_EXERCISE BRIEF_. Print all records exactly, pictures left out.

**** RECORDS PROVIDED

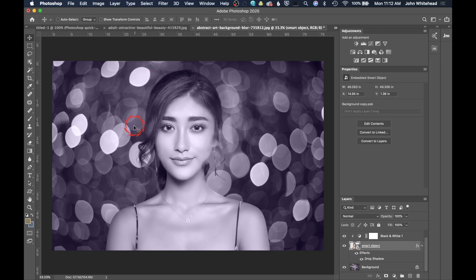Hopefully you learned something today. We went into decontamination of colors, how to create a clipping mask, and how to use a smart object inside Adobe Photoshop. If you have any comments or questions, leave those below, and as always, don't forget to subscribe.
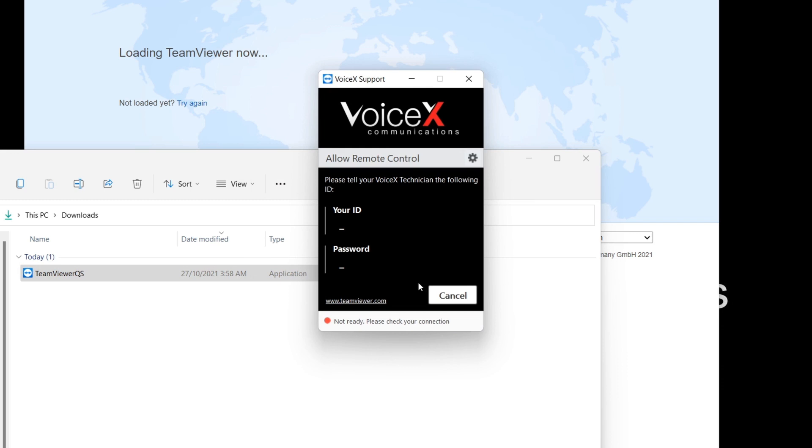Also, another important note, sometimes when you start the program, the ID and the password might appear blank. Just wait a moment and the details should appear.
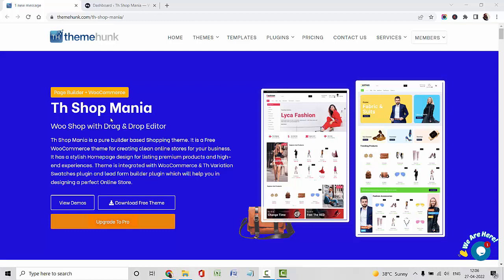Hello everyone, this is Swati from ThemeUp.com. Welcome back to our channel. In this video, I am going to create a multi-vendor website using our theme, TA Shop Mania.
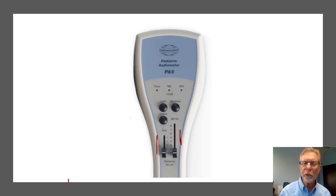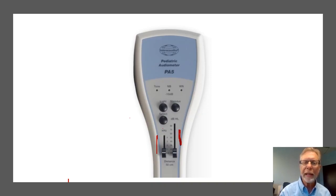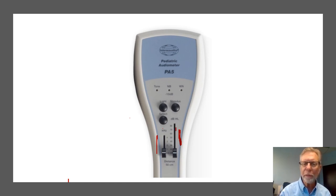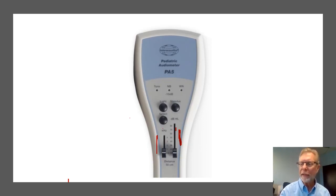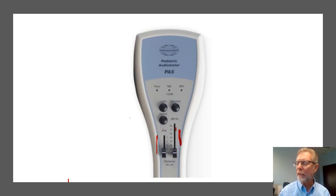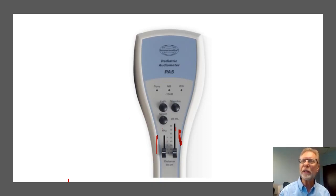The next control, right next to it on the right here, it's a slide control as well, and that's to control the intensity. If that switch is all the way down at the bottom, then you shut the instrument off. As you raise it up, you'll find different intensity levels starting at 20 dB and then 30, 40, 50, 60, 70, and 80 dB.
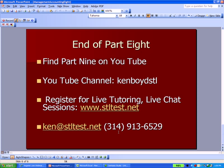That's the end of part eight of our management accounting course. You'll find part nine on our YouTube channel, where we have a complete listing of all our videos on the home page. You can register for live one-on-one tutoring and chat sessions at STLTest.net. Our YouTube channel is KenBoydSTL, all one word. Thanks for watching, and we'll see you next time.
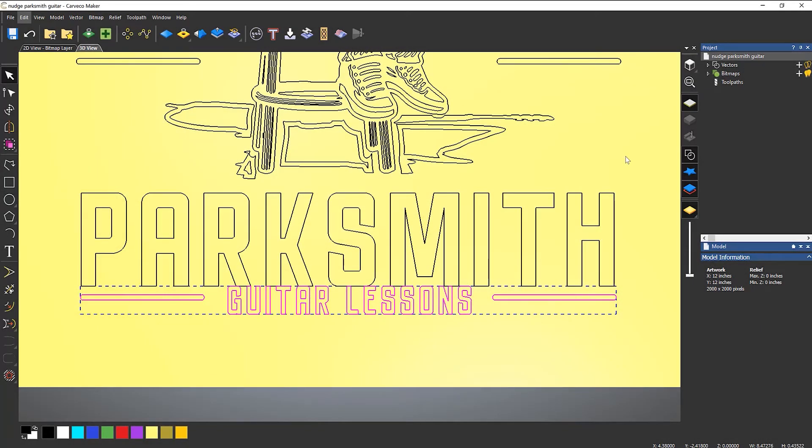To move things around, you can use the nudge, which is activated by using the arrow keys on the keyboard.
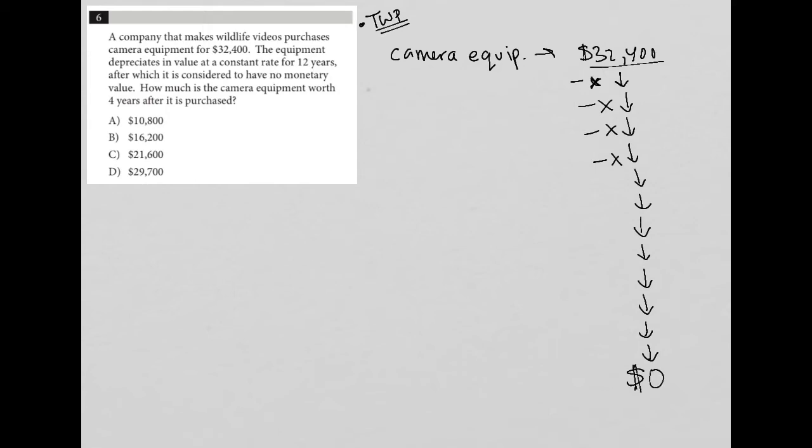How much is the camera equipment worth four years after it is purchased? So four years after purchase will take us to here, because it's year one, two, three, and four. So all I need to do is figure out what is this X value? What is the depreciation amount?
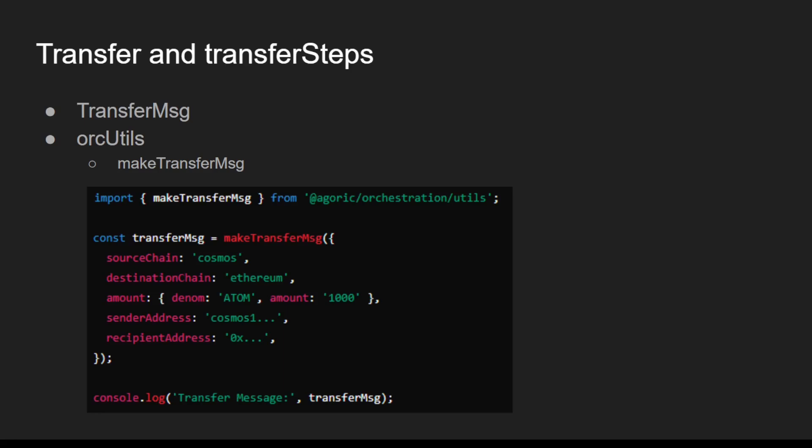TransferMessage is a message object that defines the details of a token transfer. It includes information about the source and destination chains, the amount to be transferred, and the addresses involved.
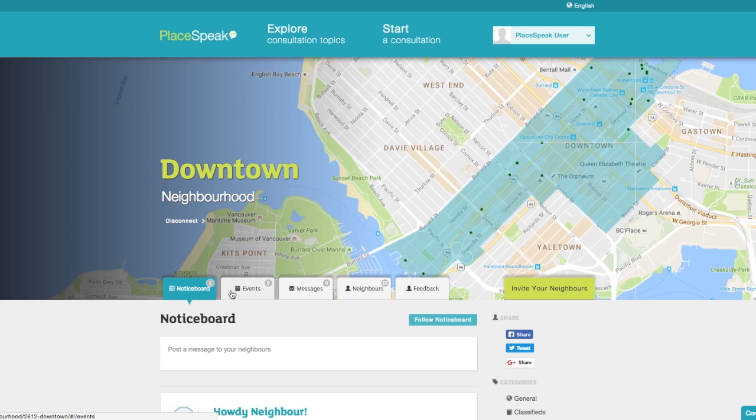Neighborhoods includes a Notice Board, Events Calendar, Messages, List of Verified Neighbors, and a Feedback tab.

********

_FINISHED EXERCISE_.
Hopefully you learned something today. We went into decontamination of colors, how to create a clipping mask, and how to use a smart object inside Adobe Photoshop. If you have any comments or questions, leave those below, and as always, don't forget to subscribe.
Also, another important note, sometimes when you start the program, the ID and the password might appear blank. Just wait a moment and the details should appear.
Hello everyone, this is Swati from ThemeUp.com. Welcome back to our channel. In this video, I am going to create a multi-vendor website using our theme, TA Shop Mania.
The next control, right next to it on the right here, it's a slide control as well, and that's to control the intensity. If that switch is all the way down at the bottom, then you shut the instrument off. As you raise it up, you'll find different intensity levels starting at 20 dB and then 30, 40, 50, 60, 70, and 80 dB.
That's the end of part eight of our management accounting course. You'll find part nine on our YouTube channel, where we have a complete listing of all our videos on the home page. You can register for live one-on-one tutoring and chat sessions at STLTest.net. Our YouTube channel is KenBoydSTL, all one word. Thanks for watching, and we'll see you next time.
To move things around, you can use the nudge, which is activated by using the arrow keys on the keyboard.
How much is the camera equipment worth four years after it is purchased? So four years after purchase will take us to here, because it's year one, two, three, and four. So all I need to do is figure out what is this X value? What is the depreciation amount?
TransferMessage is a message object that defines the details of a token transfer. It includes information about the source and destination chains, the amount to be transferred, and the addresses involved.
Neighborhoods includes a Notice Board, Events Calendar, Messages, List of Verified Neighbors, and a Feedback tab.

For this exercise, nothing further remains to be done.